Did the crusaders kill because of religion? In a sense I guess, because they were told they were forgiven of their sins if they went. But ultimately they were defending the helpless as well as themselves. The Roman Empire, using Christianity as a symbol, withstood centuries of attacks from invading forces without fighting back, probably because they were a Christian empire. It sat back and watched two thirds of its territory get taken over by invading forces before it finally made an aggressive move with the crusades. Now if the Roman Empire wasn't Christian, would they have waited so long before fighting back? I can't think of any Empire in recorded history that would have sat by and watched that take place. Certainly no atheistic Empire would have done that. But Christianity encouraged pacifism, and it was only in the face of inevitable destruction that the crusades were called.
The fact is, recent history tells us that a religious dictator is less likely to slaughter his own population, than one who is an atheist. This is because as a theist, he is bound by the positive standards and expectations that exist in religion whereas an atheist is bound by nothing.
I do not think that those who read a little about the history of the Roman Empire, both Western and Eastern, after the conversion of Constantine will recognise dartagnan's picture of a kindly and pacifist organisation.

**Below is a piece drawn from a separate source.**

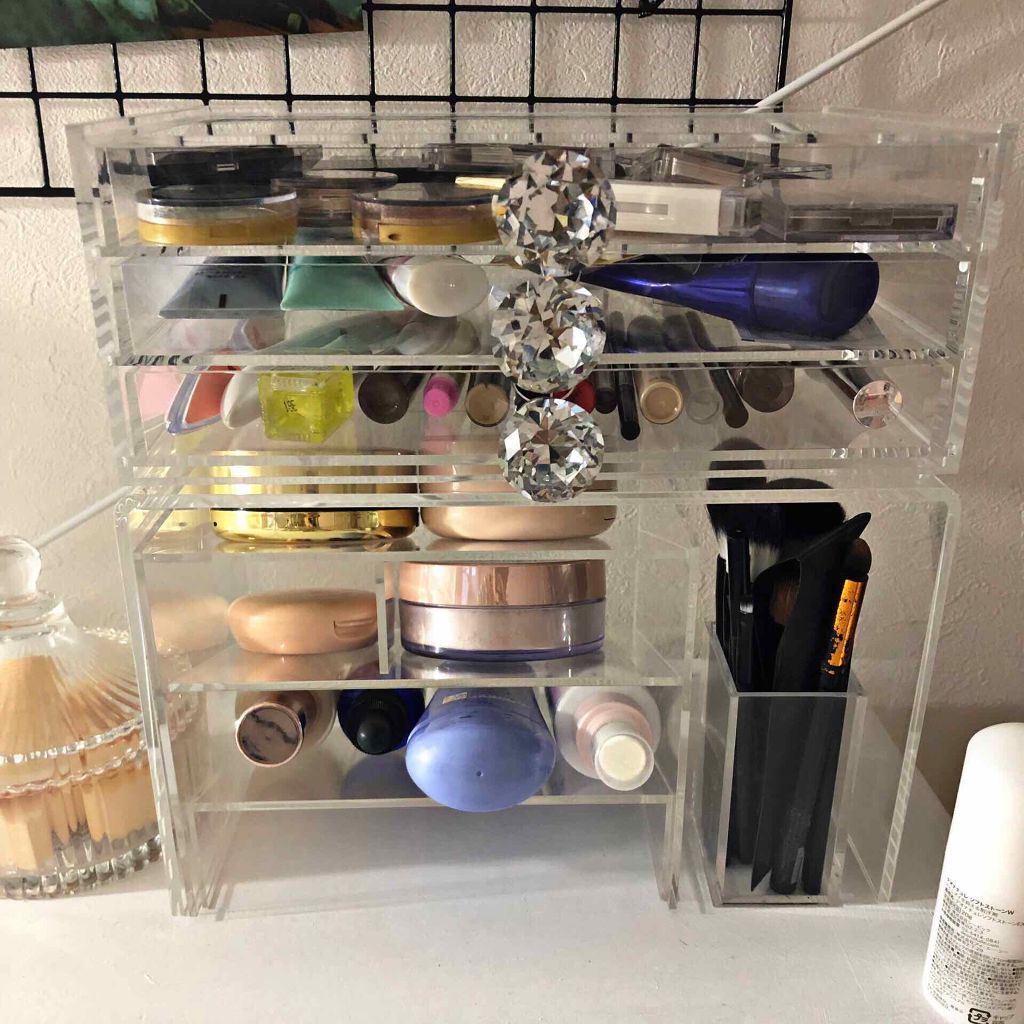 ブライトピュアベース/CandyDoll/化粧下地を使ったクチコミ(3枚目)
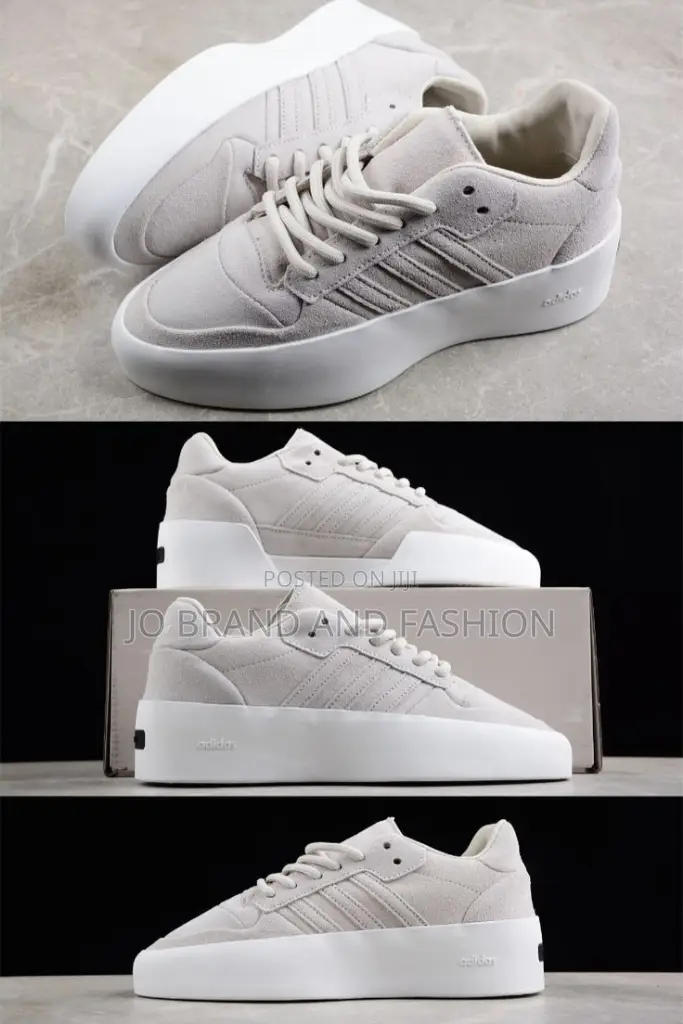 Original Fear of God Adidas Master Quality Shoes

And, so far as I can see, he seems to be under the impression that the crusades were launched by 'The Roman Empire'. The Roman Empire divided into Eastern and Western branches in 286, and the western branch was extinguished with the deposition of Romulus Augustulus in 476. Since the first crusade was not launched until 1095, the Western Roman Empire, as a political entity, played no part in any crusades. (The later entity that called itself the 'Holy Roman Empire' has been well described as 'neither holy, nor Roman, nor an empire'.)
The eastern branch, with its capital at Constantinople, was a great and highly effective military power, which used a combination of force, diplomacy and bribery to maintain (and as far as possible expand) its frontiers against a series of adversaries such as the Persians, the Bulgars and the Arabs. In 1071 the empire made a great thrust against the rising power of the Seljuq Turks, and it was the disastrous failure of this attack at Manzikert which put the empire so much on the back foot that it called for help from the west. Hence the first crusade, whose results were by no means entirely welcome to the Eastern Emperor; instead of a disciplined mercenary force to add to his armies, there flooded across his empire a horde of what appeared to his citizens to be largely undisciplined barbarians. During the fourth crusade, in 1204, the soldiers of the cross (who had demanded a large payment from the emperor, which he had failed to pay) attacked and captured Constantinople, the capital of the Roman empire, and pillaged it savagely for three days. The damage done by this crusade is widely held to have sent the empire on a downwards course that led to its eventual fall in 1453.
"Defending the helpless as well as themselves"? "Withstood centuries of attacks from invading forces without fighting back"? Dartagnan is perfectly entitled to express his own views on such matters.
Others are entitled to use his post as the basis for making a rough estimate (subject, no doubt, to later refinement) of how reliable his historical generalisations may be. It's a free board.